◆ EXERCISE AIM
Everything from the line that contains "Miał czuwać nad" through the last line below should be transcribed exactly, except the pictures.

◆ DATASET EXTRACT
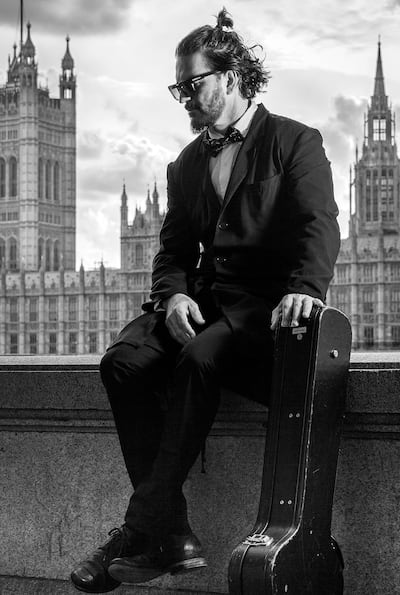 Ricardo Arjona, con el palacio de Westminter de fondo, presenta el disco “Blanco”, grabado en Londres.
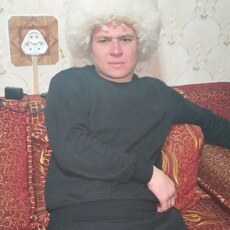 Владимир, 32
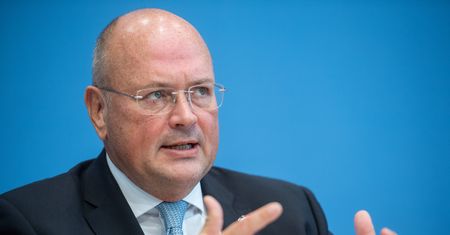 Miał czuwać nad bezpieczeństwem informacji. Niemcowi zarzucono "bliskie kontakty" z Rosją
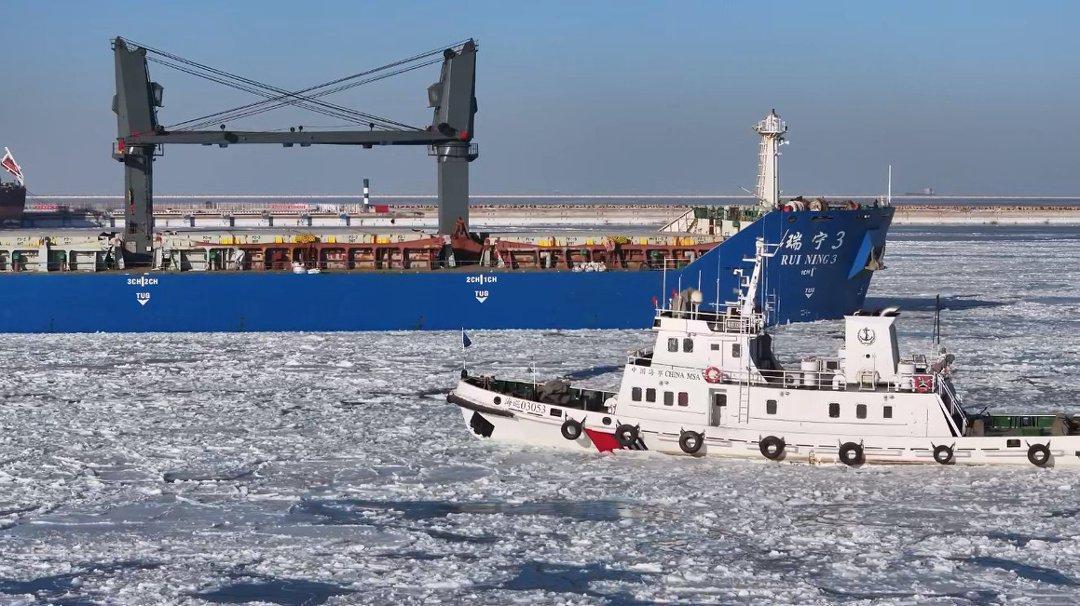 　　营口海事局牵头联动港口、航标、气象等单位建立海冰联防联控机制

◆ THE ANSWER
 Miał czuwać nad bezpieczeństwem informacji. Niemcowi zarzucono "bliskie kontakty" z Rosją
 　　营口海事局牵头联动港口、航标、气象等单位建立海冰联防联控机制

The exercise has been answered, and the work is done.